*** Opening of ENTRIES SUPPLIED ***
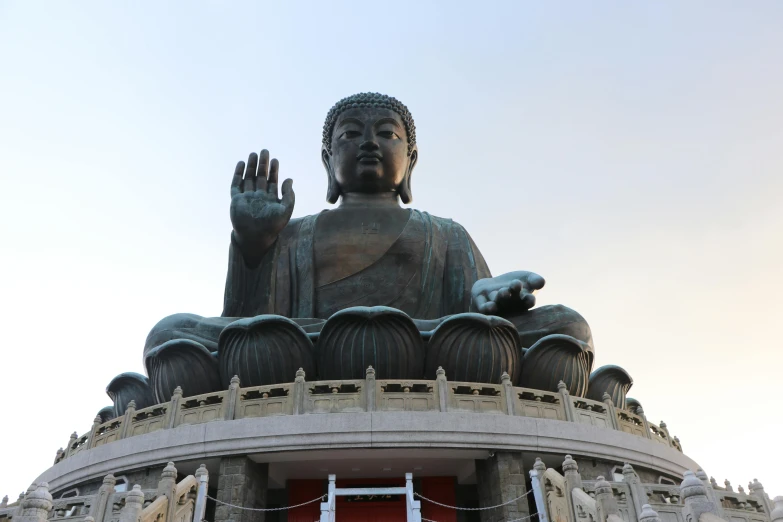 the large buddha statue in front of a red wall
*** Close of ENTRIES SUPPLIED ***
*** Opening of ENTRIES SUPPLIED ***
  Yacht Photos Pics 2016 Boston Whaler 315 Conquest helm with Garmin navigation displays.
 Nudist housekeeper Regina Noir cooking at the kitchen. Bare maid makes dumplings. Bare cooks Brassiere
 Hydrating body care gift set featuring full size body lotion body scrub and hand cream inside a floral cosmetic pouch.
*** Close of ENTRIES SUPPLIED ***
## TASK DESCRIPTION
From the entries above, extract only the lines running from the one containing "Yacht Photos Pics" through the one containing "Hydrating body care", inclusive.

## RESULT OF THIS EXERCISE
  Yacht Photos Pics 2016 Boston Whaler 315 Conquest helm with Garmin navigation displays.
 Nudist housekeeper Regina Noir cooking at the kitchen. Bare maid makes dumplings. Bare cooks Brassiere
 Hydrating body care gift set featuring full size body lotion body scrub and hand cream inside a floral cosmetic pouch.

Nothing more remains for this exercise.